▸ **The task**
Only the lines from the one containing "Tattootinte 5ml x 7 Stk. Lang anhaltend 1" through the end of the entries are to be copied, exactly and without pictures, please.

(Provided information begins)

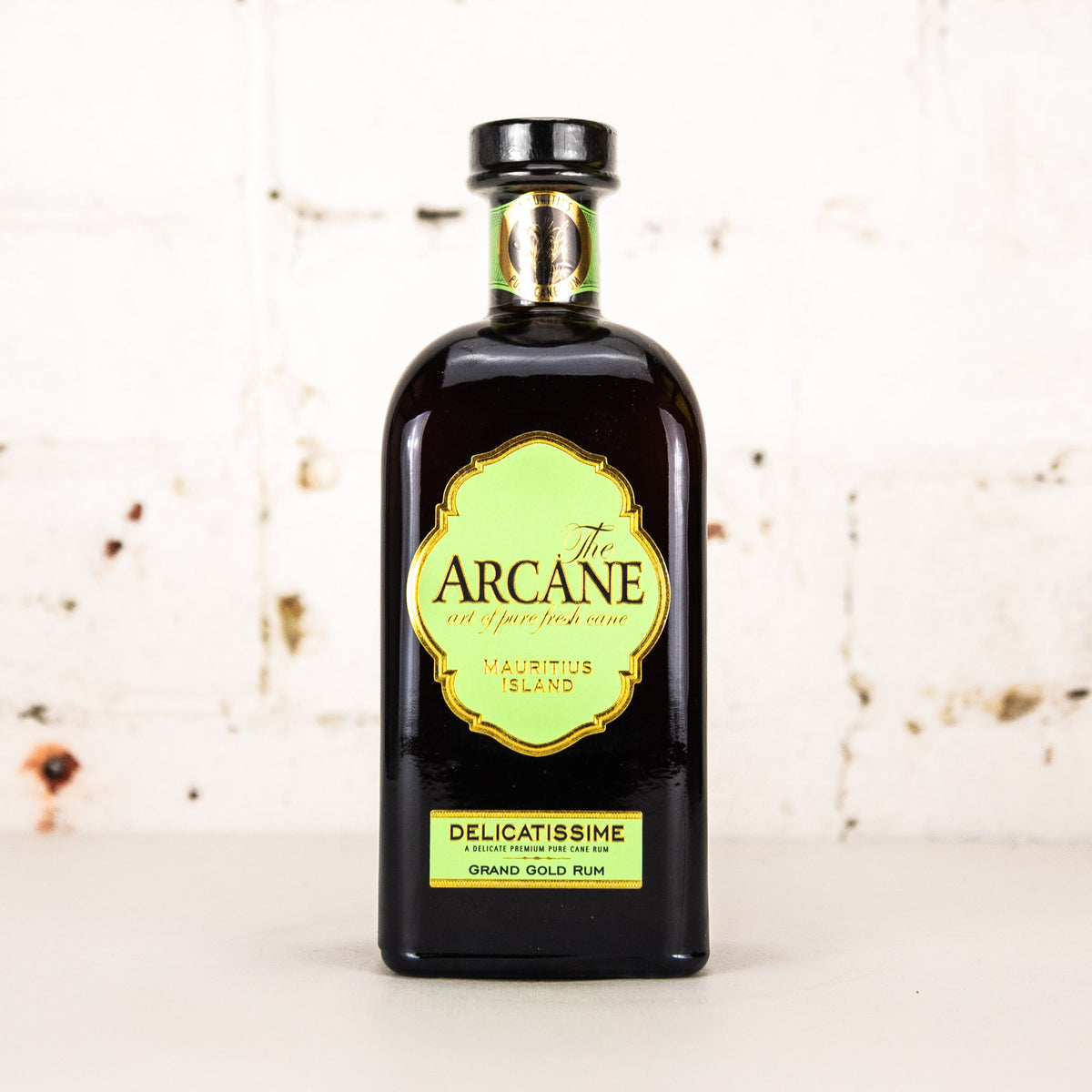 Arcane - Delicatissime Gold Rum 700ml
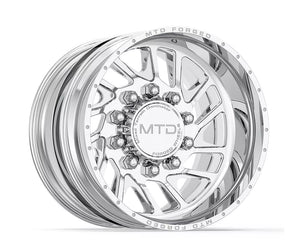 MTD FORGED STORM HUNTER DUALLY SERIES WITH ADAPTERS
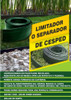 Banda Separador Limitador De Cesped 4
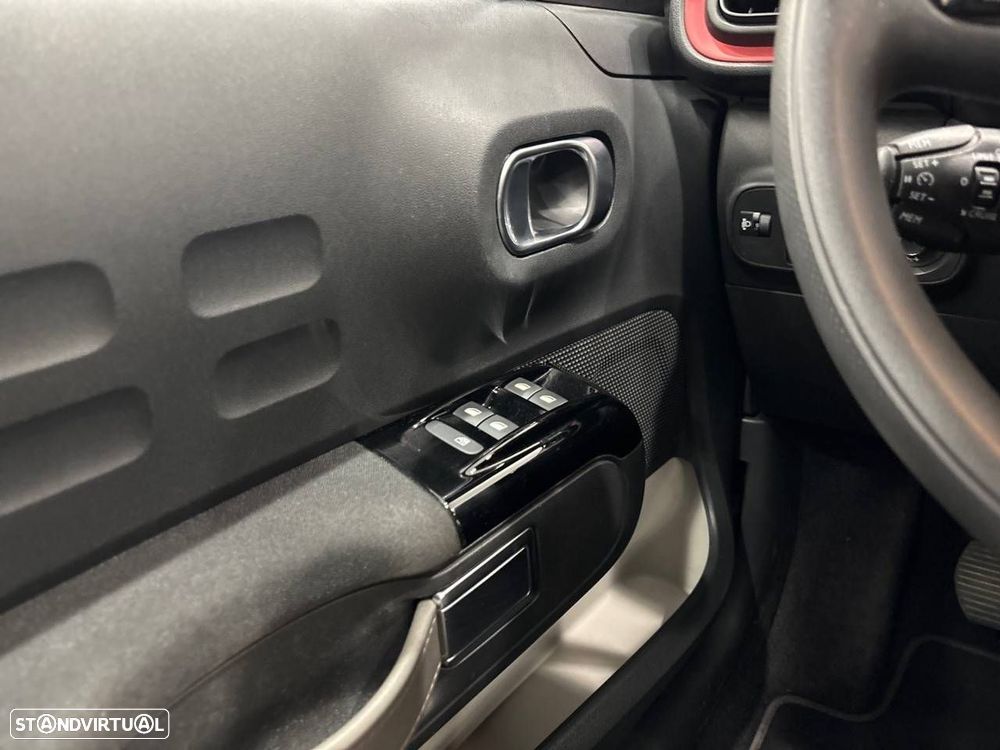 Citroën C3 1.2 PureTech C-Series - 20
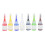 Tattootinte 5ml x 7 Stk. Lang anhaltend 1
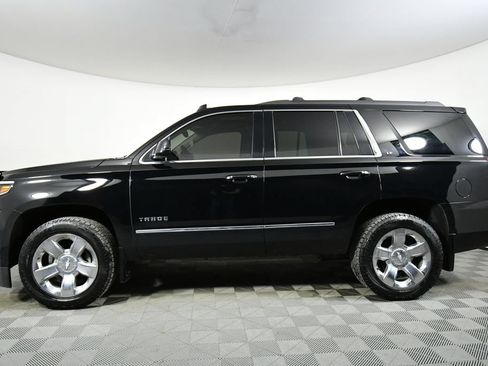 Used 2017 Chevrolet Tahoe LT w/ LT Signature Package AWD/4WD image 16
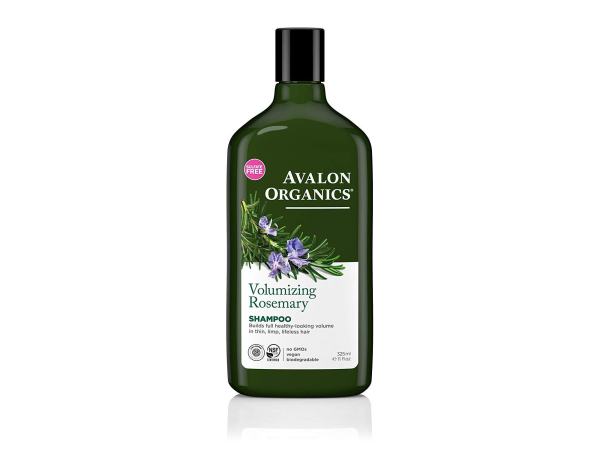 Avalon Organics Volumizing Rosemary Shampoo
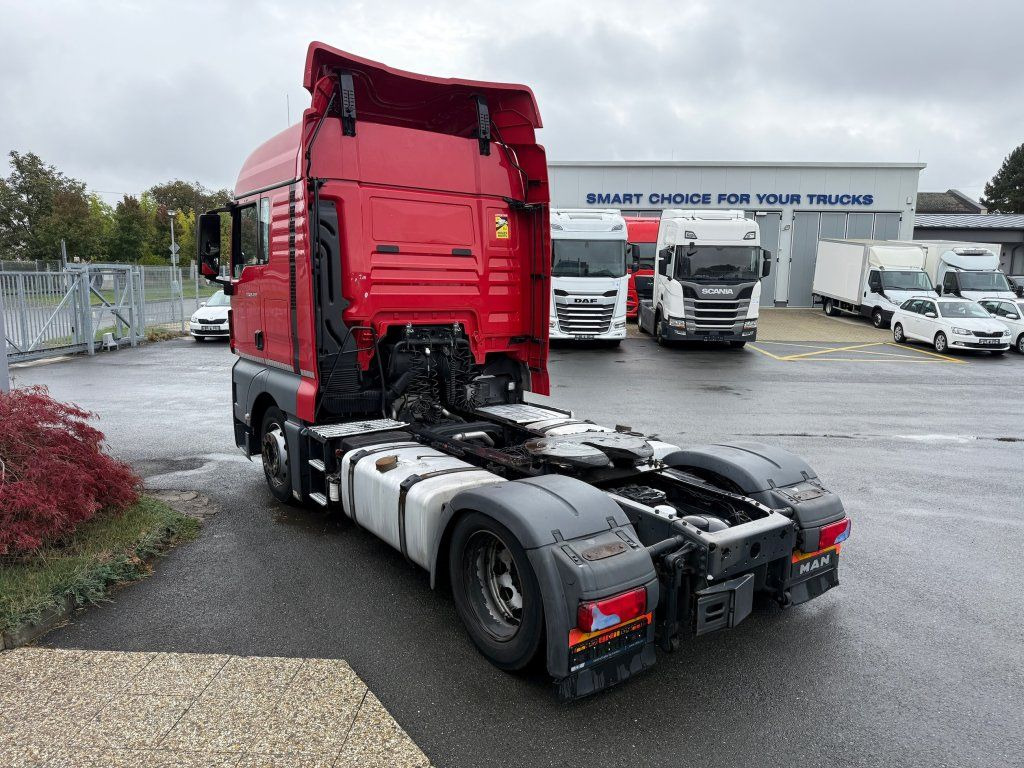 MAN TGX18.460 EURO 6 MEGA/lowdeck NEW TACHO RETARDER - יחידת טרקטור: תמונה 5 MAN TGX18.460 EURO 6 MEGA/lowdeck NEW TACHO RETARDER - יחידת טרקטור: תמונה 5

(Provided information ends)

▸ **Your response**
 Tattootinte 5ml x 7 Stk. Lang anhaltend 1
 Used 2017 Chevrolet Tahoe LT w/ LT Signature Package AWD/4WD image 16
 Avalon Organics Volumizing Rosemary Shampoo
 MAN TGX18.460 EURO 6 MEGA/lowdeck NEW TACHO RETARDER - יחידת טרקטור: תמונה 5 MAN TGX18.460 EURO 6 MEGA/lowdeck NEW TACHO RETARDER - יחידת טרקטור: תמונה 5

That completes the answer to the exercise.